I have not examined his service record, but he claims to have been in combat. I'll let it go at that.

As for the 1911 question: Plastic frames have as much place on a fighting tool as front wheel drive does on a sports car.
 
Can't give you too many specifics, perhaps some Cooper experts can. I do know that he served in the Pacific in WWII and saw combat. After WWII he saw some action while serving as an advisor in some third world countries, primarily I believe in South America.

Some of this he talks about directly in his written works, others he just makes allusions to in his columns or other works.
 
I don't mean to discredit his experience, but he seems to use ten dollar words as if he's writing from a thesaurus.
Ol' son, Jeff Cooper could author a thesaurus!

The man has an extraordinary vocabulary and gift of language which he uses very well. One has only to sit and converse with him to confirm that, as well as the enormous breadth of subjects about which he is knowledgeable.
Many young people do not understand John D. Cooper because he is a man of the old school. He was born, raised, and educated in a time and under standards far different than we see today.
And the style of his writing reflects that time, FPrice… actually, even an earlier time. I happen to enjoy his use of language.

Is he an 83-year-old fud who makes too many factual errors? Absolutely! But that's pretty much a separate issue here.

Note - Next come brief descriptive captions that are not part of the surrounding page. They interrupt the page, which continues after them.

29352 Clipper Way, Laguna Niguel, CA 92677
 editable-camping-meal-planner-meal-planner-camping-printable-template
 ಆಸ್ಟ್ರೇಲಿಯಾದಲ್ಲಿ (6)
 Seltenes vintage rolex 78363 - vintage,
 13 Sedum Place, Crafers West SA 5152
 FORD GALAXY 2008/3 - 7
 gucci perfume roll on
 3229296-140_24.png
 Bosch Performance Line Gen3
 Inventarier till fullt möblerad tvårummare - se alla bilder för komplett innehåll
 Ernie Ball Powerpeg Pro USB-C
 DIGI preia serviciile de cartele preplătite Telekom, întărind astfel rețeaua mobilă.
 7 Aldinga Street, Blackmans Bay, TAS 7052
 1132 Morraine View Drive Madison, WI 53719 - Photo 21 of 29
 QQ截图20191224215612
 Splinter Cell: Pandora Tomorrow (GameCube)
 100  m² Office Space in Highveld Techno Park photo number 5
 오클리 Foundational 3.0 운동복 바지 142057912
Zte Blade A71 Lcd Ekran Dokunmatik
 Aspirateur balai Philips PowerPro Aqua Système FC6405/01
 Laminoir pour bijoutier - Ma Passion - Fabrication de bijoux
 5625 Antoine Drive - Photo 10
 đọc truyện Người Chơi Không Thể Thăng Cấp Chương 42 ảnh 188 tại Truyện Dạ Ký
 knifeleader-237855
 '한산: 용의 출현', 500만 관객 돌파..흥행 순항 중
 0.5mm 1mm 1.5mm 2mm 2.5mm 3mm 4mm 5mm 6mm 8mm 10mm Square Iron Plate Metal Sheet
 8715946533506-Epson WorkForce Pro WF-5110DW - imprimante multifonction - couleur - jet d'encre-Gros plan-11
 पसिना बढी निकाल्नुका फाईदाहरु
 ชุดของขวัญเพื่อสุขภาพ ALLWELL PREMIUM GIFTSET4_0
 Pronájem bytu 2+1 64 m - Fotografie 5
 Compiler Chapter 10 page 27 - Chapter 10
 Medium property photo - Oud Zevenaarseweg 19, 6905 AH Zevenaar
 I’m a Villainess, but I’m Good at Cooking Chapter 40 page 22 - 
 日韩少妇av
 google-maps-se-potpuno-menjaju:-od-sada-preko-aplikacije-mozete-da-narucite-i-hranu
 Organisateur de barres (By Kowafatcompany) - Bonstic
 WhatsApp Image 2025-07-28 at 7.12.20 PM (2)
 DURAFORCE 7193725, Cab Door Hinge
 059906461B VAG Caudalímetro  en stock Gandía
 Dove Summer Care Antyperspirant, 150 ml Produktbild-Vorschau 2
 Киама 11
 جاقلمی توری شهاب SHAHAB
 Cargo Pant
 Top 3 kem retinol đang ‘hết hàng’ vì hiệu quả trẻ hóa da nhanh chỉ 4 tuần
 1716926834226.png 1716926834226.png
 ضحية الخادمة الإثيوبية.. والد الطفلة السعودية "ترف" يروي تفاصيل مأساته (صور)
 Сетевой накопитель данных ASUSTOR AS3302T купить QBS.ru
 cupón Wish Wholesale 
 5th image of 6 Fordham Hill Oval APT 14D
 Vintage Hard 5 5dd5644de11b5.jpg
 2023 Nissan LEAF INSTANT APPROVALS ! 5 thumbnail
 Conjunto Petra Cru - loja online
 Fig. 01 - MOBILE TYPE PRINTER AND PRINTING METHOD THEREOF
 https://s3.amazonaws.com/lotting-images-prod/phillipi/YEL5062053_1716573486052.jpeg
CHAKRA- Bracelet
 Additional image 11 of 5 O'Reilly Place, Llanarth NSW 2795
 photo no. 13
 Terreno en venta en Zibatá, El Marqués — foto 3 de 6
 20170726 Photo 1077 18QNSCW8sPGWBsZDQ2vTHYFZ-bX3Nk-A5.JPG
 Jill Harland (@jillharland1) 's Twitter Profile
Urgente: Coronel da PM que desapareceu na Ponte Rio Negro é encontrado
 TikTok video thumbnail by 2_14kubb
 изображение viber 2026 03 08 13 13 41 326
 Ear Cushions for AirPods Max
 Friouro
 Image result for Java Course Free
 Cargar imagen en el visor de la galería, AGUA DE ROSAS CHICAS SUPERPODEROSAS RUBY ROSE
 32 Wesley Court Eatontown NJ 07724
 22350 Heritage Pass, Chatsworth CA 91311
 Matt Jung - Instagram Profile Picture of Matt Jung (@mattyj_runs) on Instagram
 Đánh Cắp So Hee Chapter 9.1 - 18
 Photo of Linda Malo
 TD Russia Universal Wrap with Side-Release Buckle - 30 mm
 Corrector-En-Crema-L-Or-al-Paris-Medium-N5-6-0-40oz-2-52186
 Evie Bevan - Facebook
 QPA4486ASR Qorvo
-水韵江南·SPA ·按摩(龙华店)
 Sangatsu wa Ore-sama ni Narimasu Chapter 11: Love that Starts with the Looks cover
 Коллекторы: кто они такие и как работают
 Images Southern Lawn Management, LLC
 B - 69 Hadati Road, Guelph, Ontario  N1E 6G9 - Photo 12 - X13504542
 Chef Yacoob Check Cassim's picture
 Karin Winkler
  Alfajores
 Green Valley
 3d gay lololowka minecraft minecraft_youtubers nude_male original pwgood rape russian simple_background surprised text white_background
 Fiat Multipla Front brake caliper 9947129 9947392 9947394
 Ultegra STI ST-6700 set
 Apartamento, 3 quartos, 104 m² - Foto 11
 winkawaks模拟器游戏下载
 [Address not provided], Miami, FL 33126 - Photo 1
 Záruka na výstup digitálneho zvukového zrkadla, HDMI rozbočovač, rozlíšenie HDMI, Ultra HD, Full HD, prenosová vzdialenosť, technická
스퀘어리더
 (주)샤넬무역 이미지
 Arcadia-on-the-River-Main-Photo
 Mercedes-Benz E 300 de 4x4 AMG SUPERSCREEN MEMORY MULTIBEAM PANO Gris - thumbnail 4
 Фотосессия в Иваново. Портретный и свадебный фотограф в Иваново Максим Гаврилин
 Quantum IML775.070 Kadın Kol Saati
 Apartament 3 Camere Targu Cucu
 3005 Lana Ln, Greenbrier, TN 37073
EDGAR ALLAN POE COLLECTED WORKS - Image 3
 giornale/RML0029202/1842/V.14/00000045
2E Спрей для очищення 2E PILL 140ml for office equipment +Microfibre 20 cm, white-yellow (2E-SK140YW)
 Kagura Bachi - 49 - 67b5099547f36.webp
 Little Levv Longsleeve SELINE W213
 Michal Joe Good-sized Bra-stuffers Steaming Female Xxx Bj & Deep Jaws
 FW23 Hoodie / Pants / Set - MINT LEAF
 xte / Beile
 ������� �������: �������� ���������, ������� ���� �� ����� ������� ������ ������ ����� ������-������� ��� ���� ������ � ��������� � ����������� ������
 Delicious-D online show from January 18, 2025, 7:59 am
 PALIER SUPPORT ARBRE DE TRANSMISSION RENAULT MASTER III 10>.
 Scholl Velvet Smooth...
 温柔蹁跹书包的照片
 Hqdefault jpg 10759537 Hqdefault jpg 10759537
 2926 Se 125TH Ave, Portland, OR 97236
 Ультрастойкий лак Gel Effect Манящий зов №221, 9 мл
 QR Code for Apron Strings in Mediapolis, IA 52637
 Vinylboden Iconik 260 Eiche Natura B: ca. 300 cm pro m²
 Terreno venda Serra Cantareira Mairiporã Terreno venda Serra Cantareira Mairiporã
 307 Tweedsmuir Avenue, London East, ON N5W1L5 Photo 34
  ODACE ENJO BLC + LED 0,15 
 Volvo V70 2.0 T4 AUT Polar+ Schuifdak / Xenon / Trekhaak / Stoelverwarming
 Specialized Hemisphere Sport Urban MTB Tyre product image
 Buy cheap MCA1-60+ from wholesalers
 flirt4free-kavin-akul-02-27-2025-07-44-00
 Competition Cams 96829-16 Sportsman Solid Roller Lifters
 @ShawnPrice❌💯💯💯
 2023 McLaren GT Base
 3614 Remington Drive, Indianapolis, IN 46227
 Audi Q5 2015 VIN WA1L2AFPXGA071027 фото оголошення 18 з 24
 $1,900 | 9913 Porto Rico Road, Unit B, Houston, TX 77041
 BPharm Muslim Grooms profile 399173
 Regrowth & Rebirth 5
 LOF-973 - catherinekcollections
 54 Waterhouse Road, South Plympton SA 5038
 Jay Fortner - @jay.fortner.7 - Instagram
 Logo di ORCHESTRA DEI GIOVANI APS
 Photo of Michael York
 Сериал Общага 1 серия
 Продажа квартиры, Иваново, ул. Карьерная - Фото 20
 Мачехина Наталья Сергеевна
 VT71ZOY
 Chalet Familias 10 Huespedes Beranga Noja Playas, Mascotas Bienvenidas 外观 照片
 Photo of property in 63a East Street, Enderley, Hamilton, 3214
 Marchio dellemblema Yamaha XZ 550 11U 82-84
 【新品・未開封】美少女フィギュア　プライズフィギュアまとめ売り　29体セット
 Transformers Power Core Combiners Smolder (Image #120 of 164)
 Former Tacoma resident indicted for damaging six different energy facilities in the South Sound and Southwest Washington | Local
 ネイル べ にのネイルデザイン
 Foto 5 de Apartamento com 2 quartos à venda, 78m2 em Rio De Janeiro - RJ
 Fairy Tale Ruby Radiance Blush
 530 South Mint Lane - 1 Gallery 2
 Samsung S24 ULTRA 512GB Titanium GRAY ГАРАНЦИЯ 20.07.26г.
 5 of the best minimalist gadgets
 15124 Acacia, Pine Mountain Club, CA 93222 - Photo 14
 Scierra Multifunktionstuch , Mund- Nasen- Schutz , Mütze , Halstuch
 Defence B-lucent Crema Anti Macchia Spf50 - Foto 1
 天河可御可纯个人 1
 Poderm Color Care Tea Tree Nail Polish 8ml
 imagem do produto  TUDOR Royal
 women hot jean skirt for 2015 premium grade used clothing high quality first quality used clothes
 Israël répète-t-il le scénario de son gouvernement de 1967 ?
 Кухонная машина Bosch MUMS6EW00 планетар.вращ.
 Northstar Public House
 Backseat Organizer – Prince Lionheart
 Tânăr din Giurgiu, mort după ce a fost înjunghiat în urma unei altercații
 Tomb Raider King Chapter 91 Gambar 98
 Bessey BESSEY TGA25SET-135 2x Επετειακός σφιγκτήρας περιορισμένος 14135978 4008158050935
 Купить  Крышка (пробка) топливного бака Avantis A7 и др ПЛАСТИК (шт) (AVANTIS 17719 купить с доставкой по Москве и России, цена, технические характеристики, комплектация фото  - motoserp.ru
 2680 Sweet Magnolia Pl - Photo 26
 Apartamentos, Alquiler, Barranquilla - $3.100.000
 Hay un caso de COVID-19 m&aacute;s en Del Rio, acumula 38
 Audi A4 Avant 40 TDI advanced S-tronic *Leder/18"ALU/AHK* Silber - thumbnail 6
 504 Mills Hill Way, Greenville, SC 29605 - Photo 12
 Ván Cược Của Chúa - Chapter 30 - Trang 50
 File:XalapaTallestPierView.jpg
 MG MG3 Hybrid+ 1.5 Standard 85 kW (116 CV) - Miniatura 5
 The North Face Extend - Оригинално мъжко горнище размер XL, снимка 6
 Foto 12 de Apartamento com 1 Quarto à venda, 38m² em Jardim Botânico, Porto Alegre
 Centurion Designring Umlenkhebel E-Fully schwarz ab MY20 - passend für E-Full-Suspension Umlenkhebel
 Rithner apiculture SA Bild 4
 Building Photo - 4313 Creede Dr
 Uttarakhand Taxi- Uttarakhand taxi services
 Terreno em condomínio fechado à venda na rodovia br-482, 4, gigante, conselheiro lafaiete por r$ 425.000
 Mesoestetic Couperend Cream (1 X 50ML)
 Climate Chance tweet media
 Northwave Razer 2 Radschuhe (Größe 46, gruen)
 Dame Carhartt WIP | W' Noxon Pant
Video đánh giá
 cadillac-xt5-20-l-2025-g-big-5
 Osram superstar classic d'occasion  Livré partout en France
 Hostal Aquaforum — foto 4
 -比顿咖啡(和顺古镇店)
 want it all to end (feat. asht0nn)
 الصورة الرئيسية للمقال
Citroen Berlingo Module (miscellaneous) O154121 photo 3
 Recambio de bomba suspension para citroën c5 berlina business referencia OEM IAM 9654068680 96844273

And bad_dad_brad , if you think of "M1911 race guns" and "contests" in the same context as Jeff Cooper, then you have zero grasp of anything about Cooper and handguns. (Or did I misread you?)
 
When I read his page in the back of that gun rag (I forgot which one it is), I can almost allways find something I strongly agree with and something I strongly disagree with. I think that is a good thing. There is a saying (I forget exactly how it goes) that says something like, 'if what your saying isn't making someone mad, then your really not saying anything at all'.

So, the point is, you may not like him or agree with him but at least he has the balls to speak his mind. Most gun rag writers are so worthless that they choose their words so carfully, they end up not really saying anything at all. Here is a typical example: 'this pistol showed that it has potential combat accuracy and reliability was a promising. If only we had more time and different types of ammo, I'm sure this pistol would have preformed much better'. What? Is it junk or not? See what I mean? Cooper leaves no doubt.
 
I've been reading his writings for a long time. Is he a xenophobe, sexist, or whatever? I don't know. I can't judge a man's character based on pages of unrelated paragraphs, without ever having met him. And, given the fact that he is well into his eighties and literally grew up in an earlier era, I'll just be content that he's entitled to his opinions. After all, he's certainly not trying to force them on anyone or make policy out of them.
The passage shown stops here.